Nie jest zbrodnią zaszaleć od czasu do czasu na proszonym obiedzie, ale jeśli chcemy, aby te trzy godziny w rodzinnym gronie nie odbiły się zanadto on na naszych staraniach o zdobycie lub utrzymanie pożądanej sylwetki, nakładajmy połowę porcji (ryzykujemy co prawda gniew mamusi i jej dozgonne narzekanie na nasze maniery, ale w szczytnym celu).

Jeśli jednak mamy wybór, czyli sami przygotowujemy ten staropolski klasyk dla naszej rodziny, postarajmy się obciąć kalorie, gdzie się da. A jak to się robi?

Garmażeryjne mięso wieprzowo-wołowe zastępujemy znacznie chudszym mięsem z indyczego udźca - możemy poprosić o jego zmielenie w sklepie lub zrobić to sami w domu. Do masy na kotlety dodajemy tartej marchewki, co obniża kaloryczność posiłku. Zamiast bułki tartej używamy otrąb owsianych. Nie smażymy, za to pieczemy w piekarniku. Dzięki tym zabiegom obniżamy kaloryczność dwukrotnie.

W przypadku buraczków i puree z ziemniaków sprawa jest prosta - wystarczy zastąpić śmietanę gęstym jogurtem naturalnym oraz bardzo ograniczyć ilość masła (moim zdaniem można je całkiem wyeliminować, ale jeśli ktoś lubi ten charakterystyczny posmak, może dodać łyżeczkę).

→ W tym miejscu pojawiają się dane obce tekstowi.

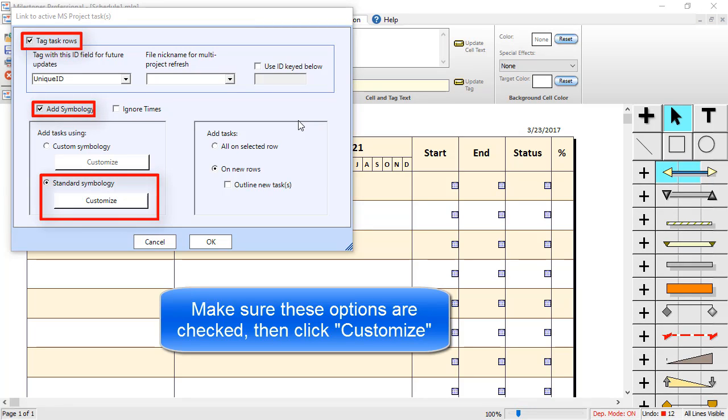Make sure Tag TaskRows is checked. And since we are going to add symbology, make sure Add Symbology is also checked. Choose the Standard Symbology option and then click on Customize.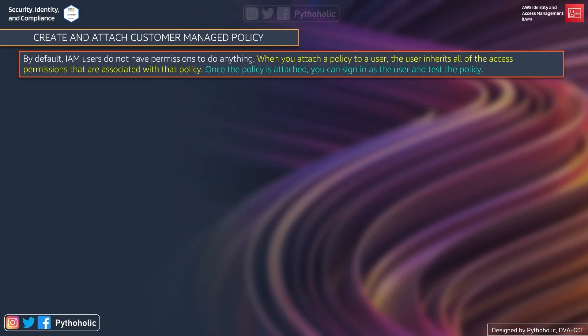Let's see how we can create and attach a customer managed policy. By default, IAM users don't have permissions to do anything. When you attach a policy to the user, the user actually inherits all of the access permissions that are associated with that policy. Once the policy is attached, you can sign in as the user and test the policy.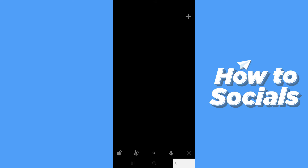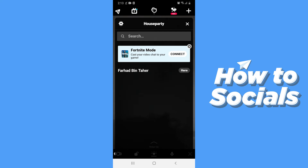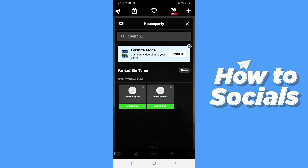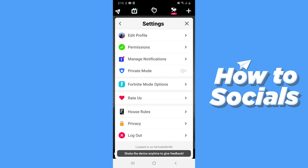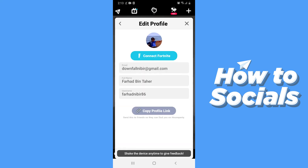First open the Houseparty app. Now tap on the settings icon on the top left corner. Then go to edit profile.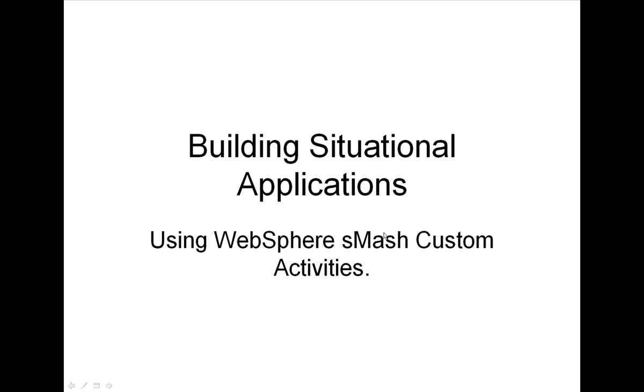In previous videos, I have demonstrated the use of WebSphere Smash scripting and the pre-built flow activities to extend and integrate applications such as SugarCRM.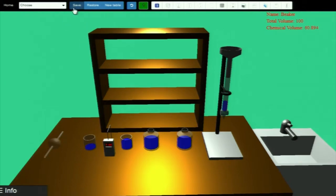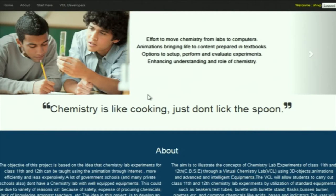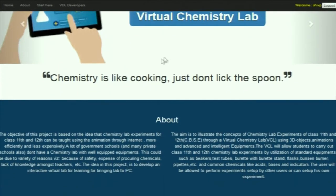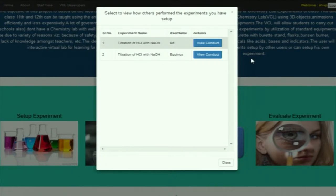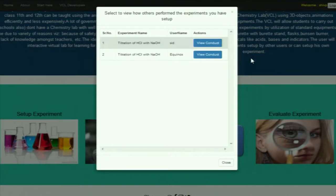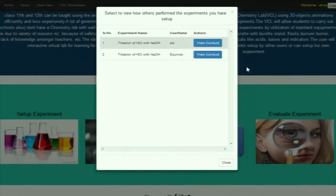If I save it, we are creating a journal of the experiment being performed and the teacher can evaluate what I did. Let me go to home and then go into my co-intern account. As I have set up an experiment for other students, I can view it from my account by clicking on the evaluate experiment link. I can see that two users have performed the experiment — one is Siddharth who performed it recently and another user is Equinox. I can see how they conducted the experiment by clicking on the view conduct button.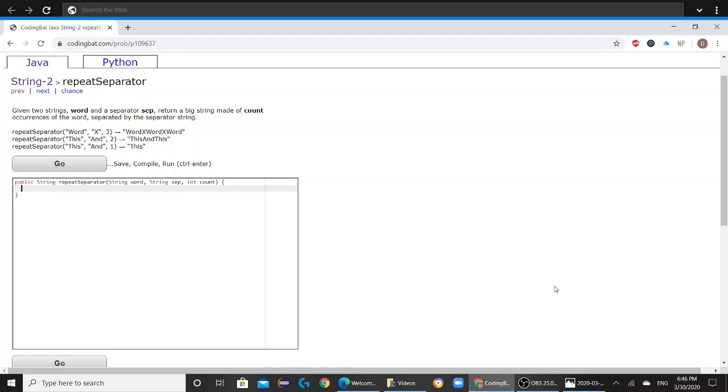Today we will be solving String 2 repeat separator on codingbat.com. The question reads: given two strings, word and the separator sep, return a big string made of count occurrences of the word separated by the separated string.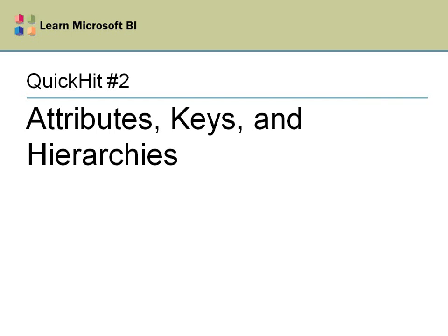Hello and welcome to Quick Hit number two. We'll be talking about attributes, keys, and hierarchies in this particular video.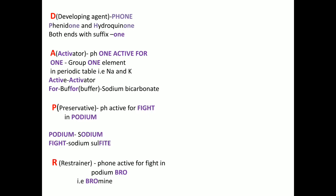For R, the restrainer: in 'phone active for fight in podium, calls his bro', 'bro' stands for bromine, and the ingredient included in the restrainer is potassium bromide (KBr). Benzotriazole can also be used.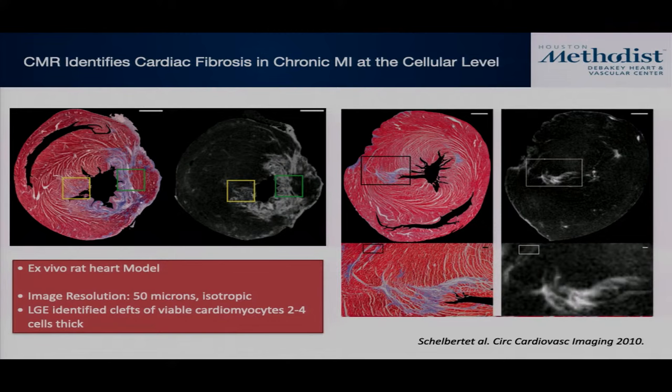In a small animal model with ultra-high-resolution MRI imaging compared to histology, essentially down to the cellular level in the setting of a chronic MI, what you see as hyperenhancement corresponds to areas of fibrosis on histopathology.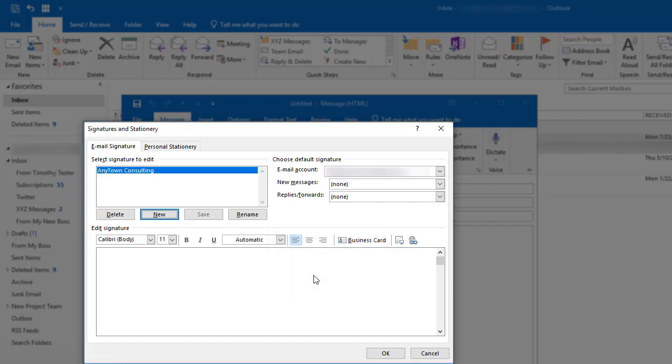Now it's time to actually add my professional signature to the Anytown Consulting signature. I'm going to click down here in the edit signature box, click on the add picture icon, and then browse to where my picture is located.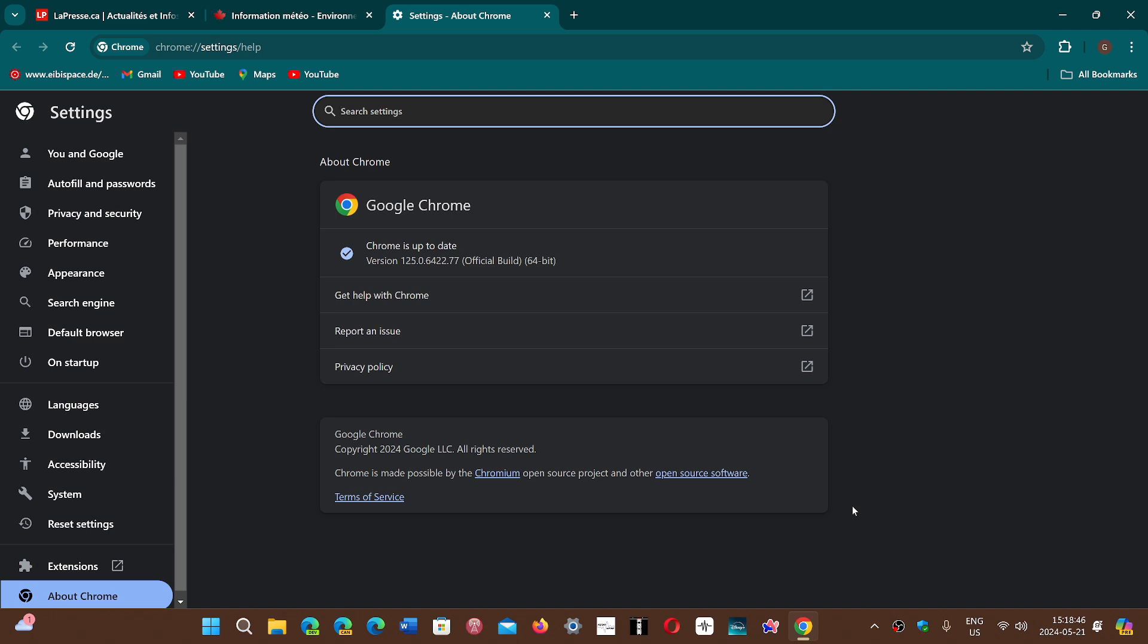If you're using a Chromium-based browser, which in Windows is pretty much everything except Firefox, all those browsers will get security updates for the Chromium security flaws discovered this week.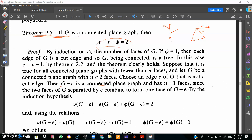Now suppose that the theorem is true for all connected plane graphs with fewer than n faces — that is, up to n minus 1 faces, the result is true. Let G be a connected graph with n greater than or equal to 2 faces.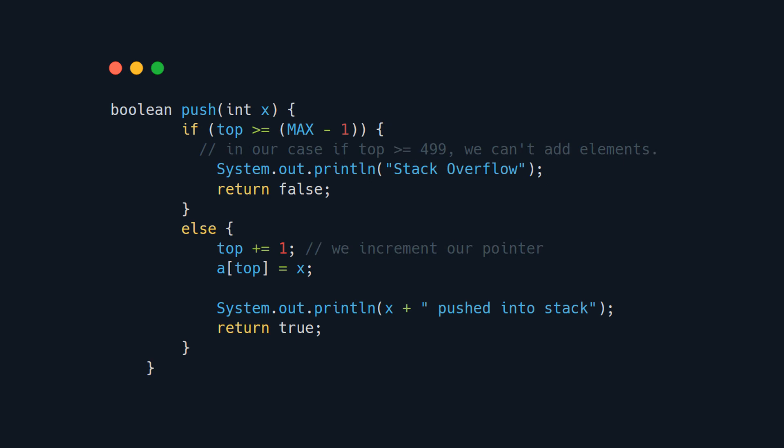Let's now look at push operation. First we check if our stack is full by checking if our pointer points to the last element. If so we just return false. If it's not empty we add the element. How do we do that?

Podaję przepis na 4 niezbyt duże porcje, po dwa kotlety. Kaloryczność porcji to ok 427 kcal (dwa kotleciki to ok 175, porcja puree - ok 142 kcal, porcja buraczków - ok 110 kcal).

kotlety mielone
200 g mięsa z udźca indyka
75 g otrębów owsianych
1 średnia marchewka
1 jajko
pół pęczka pietruszki
1 łyżka musztardy
1 mała cebula
sól i pieprz
1 łyżka oleju

buraczki na ciepło
800 g buraków
4 łyżki jogurtu naturalnego
2 łyżeczki masła
sól i pieprz do smaku

puree z ziemniaków 
600 g ziemniaków
2 łyżki jogurtu naturalnego
2 łyżeczki masła
pół pęczka natki pietruszki
sól, pieprz i gałka muszkatołowa do smaku

Mięso zmiel. Marchewkę zetrzyj na drobnej tarce. Cebulę posiekaj bardzo drobno. Umieść wszystko w misce, wymieszaj z otrębami, jajkiem, przyprawami, musztardą i natką pietruszki. Zagnieć na jednolitą masę. Formuj w dłoniach kulki wielkości średniej mandarynki i spłaszczaj, kształtując zgrabne kotleciki. Wlej olej do małej miseczki, zanurzaj w nim palce i smaruj kotlety z obu stron. Piecz na papierze do pieczenia w piekarniku nagrzanym do 180 stopni przez ok 30 minut.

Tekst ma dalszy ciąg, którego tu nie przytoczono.